Cut the Rope and improve the brain

Cut the Rope and improve the brain

SINGAPORE - An hour a day playing puzzle games like Cut the Rope on your mobile phone could help you concentrate better and think faster on your feet, psychologists from the Nanyang Technological University (NTU) claim.

These were the findings of a recent study on mobile games carried out on 52 NTU students.

"Mobile games are getting popular these days so we wanted to study the mental effects of these games and their implications," said Assistant Professor Michael Patterson, who carried out the research with PhD student Adam Oei.

The undergraduates, all non-gamers, were asked to play one of four games - action game Modern Combat, real-time strategy StarFront Collision, arcade game Fruit Ninja and puzzle game Cut the Rope - for an hour a day five days a week over four weeks.

Before and after the gaming period, they were given a series of standard tasks which measured how fast they could switch tasks, how fast they could adapt to a new situation and how well they could focus on information while blocking out distractions.

Only the group of 15 students who played Cut the Rope showed significant improvements in all three tasks. After 20 hours of game play over four weeks, they could switch between tasks 33 per cent faster than before. They were 30 per cent faster in adapting to new situations and 60 per cent better in blocking out distractions.

Cut the Rope requires players to feed sweets to a little green creature called Om Nom while collecting stars. The treats hang by one or several ropes which players must cut. Players meet more obstacles on the way and change strategies in order to meet the goal.

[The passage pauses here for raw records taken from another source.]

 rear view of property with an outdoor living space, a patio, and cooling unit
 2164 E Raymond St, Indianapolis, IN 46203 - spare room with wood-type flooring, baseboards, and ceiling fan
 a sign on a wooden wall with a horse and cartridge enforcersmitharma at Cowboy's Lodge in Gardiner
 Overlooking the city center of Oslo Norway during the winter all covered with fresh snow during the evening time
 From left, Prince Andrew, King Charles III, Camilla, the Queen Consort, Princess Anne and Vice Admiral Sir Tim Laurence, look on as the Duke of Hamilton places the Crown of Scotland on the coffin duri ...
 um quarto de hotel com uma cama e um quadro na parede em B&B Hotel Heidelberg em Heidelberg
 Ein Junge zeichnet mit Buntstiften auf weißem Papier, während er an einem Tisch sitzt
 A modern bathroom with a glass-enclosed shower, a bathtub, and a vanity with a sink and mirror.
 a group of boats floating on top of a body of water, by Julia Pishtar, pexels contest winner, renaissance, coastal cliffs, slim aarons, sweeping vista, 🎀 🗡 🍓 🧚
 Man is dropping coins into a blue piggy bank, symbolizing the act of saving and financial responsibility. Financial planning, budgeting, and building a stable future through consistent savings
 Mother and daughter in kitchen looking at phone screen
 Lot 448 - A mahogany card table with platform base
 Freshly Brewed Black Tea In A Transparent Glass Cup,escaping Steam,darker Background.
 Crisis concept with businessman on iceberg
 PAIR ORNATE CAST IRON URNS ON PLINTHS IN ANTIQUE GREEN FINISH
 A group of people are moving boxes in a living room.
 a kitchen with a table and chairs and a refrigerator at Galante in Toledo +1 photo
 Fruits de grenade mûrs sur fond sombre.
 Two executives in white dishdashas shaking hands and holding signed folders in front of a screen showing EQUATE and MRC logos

Dr Patterson said: "Cut the Rope improved brain functions probably due to its unique puzzle design. Strategies which worked for earlier levels would not work in later levels. This regularly forces players to think creatively and try alternate solutions. This is unlike most other video games which keep the same general mechanics or goals and just need players to speed up or increase the number of items they keep track of."

Similar puzzle games like Plague Inc and Puzzle Agent may achieve the same effects, he added.

Student Lim Yi Hong, 24, who has played Cut the Rope for up to two hours at a stretch, said: "I do find it surprising that it is able to improve one's mental capabilities."

Dr Patterson, however, cautions against addiction, saying: "An hour a day on MRT rides would be good. Mobile games should not cut into your social and exercise time."